§ **Information shown**
- - -
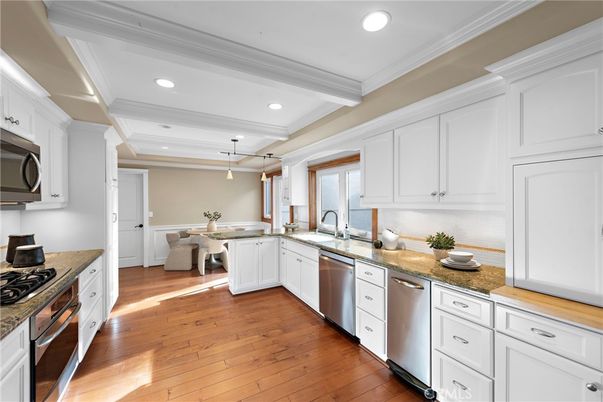 Dining room, Interior, Kitchen, Recessed Lighting, Stainless Steel Appliances, Wood Texture Flooring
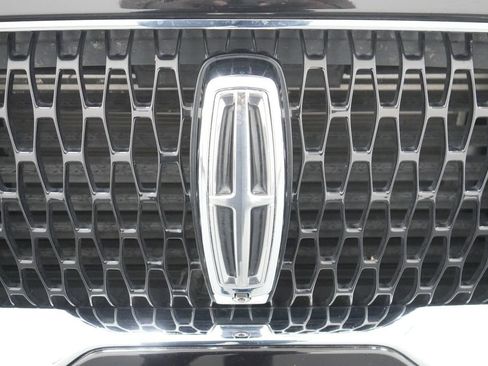 Used 2021 Lincoln Aviator Reserve w/ Equipment Group 210A AWD/4WD image 12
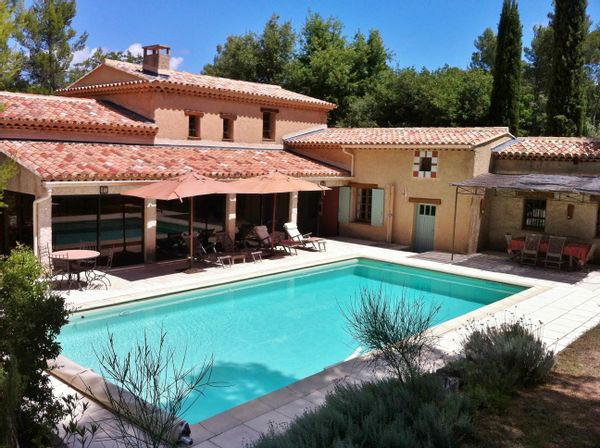 Maison avec piscine au coeur du Parc Naturel du Lubéron, en Provence, France. Pas de demandes pour moins d une semaine ni pour juillet août svpl.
- - -
Output all the material above exactly once more, leaving every picture out.

 Dining room, Interior, Kitchen, Recessed Lighting, Stainless Steel Appliances, Wood Texture Flooring
 Used 2021 Lincoln Aviator Reserve w/ Equipment Group 210A AWD/4WD image 12
 Maison avec piscine au coeur du Parc Naturel du Lubéron, en Provence, France. Pas de demandes pour moins d une semaine ni pour juillet août svpl.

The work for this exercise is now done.